Dec 082004
 
Washington Redskins 31 – New York Giants 7

Game Overview: Forget everything I said last week about having patience. This team is one of the worst in the NFL and it will not be a contender for years. In the era of free agency and the salary cap, the product on the field is ultimately determined by differences in ownership, management, and coaching. And the Giants are so out-classed by the elite of the NFL in these three areas that simply put there is no hope.

Ernie Accorsi, a former public relations man, has been an unsuccessful general manager for three teams (Colts, Browns, and Giants) and 17 years. His teams have never won a Championship but ownership will not fire him. And his supposed coup de main, the trading up for Eli Manning in return for multiple draft picks, has blown up in his face and mortgaged next year’s draft.

Head Coach Tom Coughlin’s last four teams have been 7-9, 6-10, 6-10, and 5-7 (on the way to 5-11). The Giants finished the 2003 season with an 8-game losing streak. The 2004 Giants will likely finish with a 9-game losing streak. Right now, he looks like another failed NFL re-tread. Once again, the Giants have hired the wrong coach.

But it all starts at the top. The Mara-Tisch partnership, inaugurated in 1991, has proven to be a complete disaster. Occasional winning seasons do not erase 14 years of incompetence. It’s the owners who keep Accorsi on and who hired Coughlin.

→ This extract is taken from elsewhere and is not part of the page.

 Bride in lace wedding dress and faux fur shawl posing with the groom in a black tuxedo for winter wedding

Co-owners Wellington Mara (old age) and Robert Tisch (brain cancer) will pass away soon. Their respective families will inherent their halves of the team. Unless the families sell the team to someone who knows something about implementing a winning football program, the Giants will likely remain inconsistent and uninspiring.

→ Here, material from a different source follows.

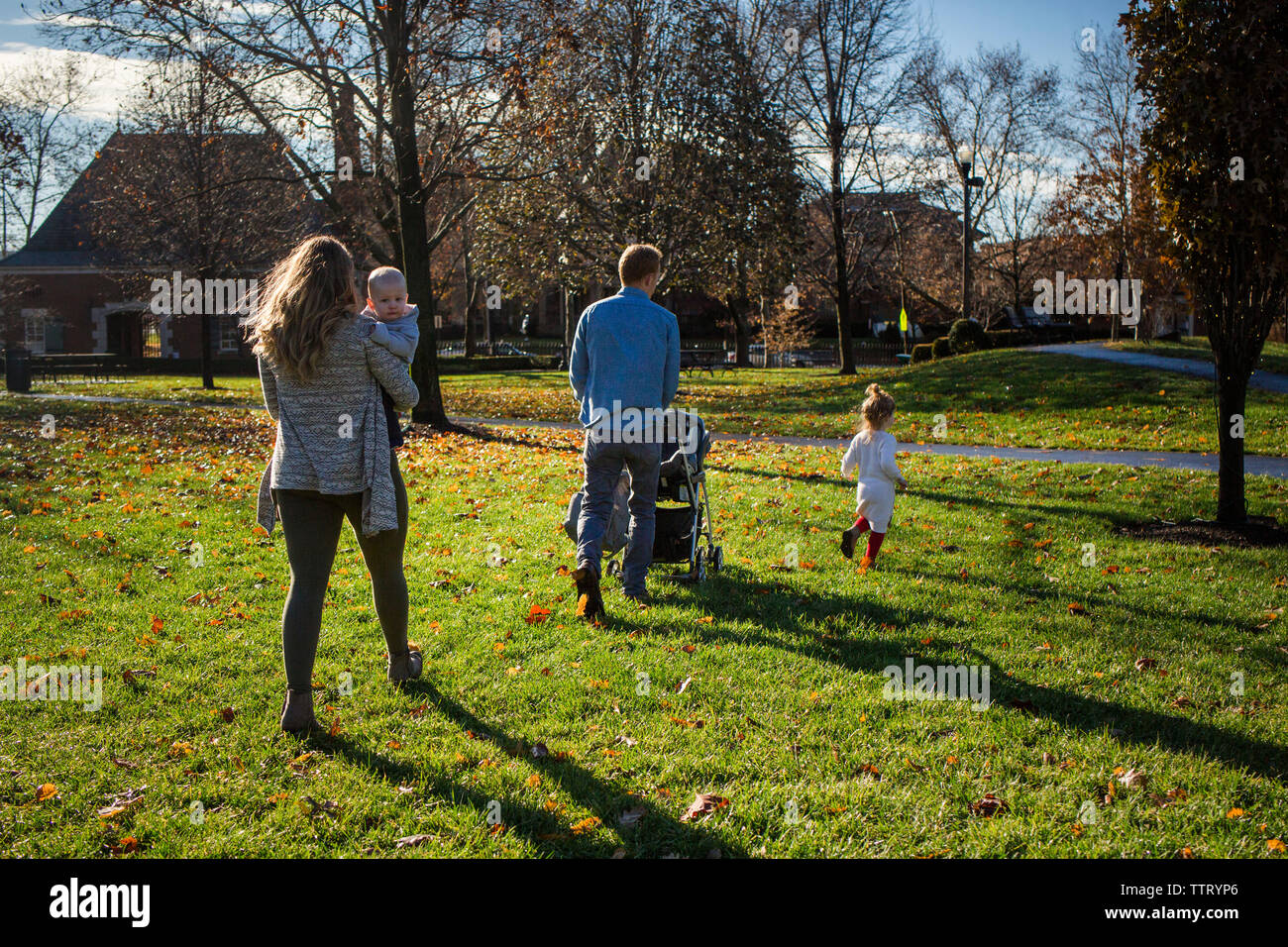 Una famiglia prendere un camminare insieme in un parco su una soleggiata giornata di caduta Foto Stock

Get ready for a return to 1970’s-style football! The kind of football we’ve seen for the past two seasons will continue for the indefinite future.

There will be no position-by-position breakdown this week. The entire team stinks and did not come to play on Sunday. They got crushed by a bad 3-8 football team. The Giants only picked up seven first downs and gave up 31 points to a team that had only managed a season high of 18 before facing New York. The Giants have lost four games to four of the worst teams in football (Redskins, Lions, Bears, and Cardinals). What does that tell you?


Another December – Down and Out

by David Oliver of BigBlueInteractive.com

I can think of younger days when living for my life
Was everything a man could want to do.
I could never see tomorrow, but I was never told about the sorrow.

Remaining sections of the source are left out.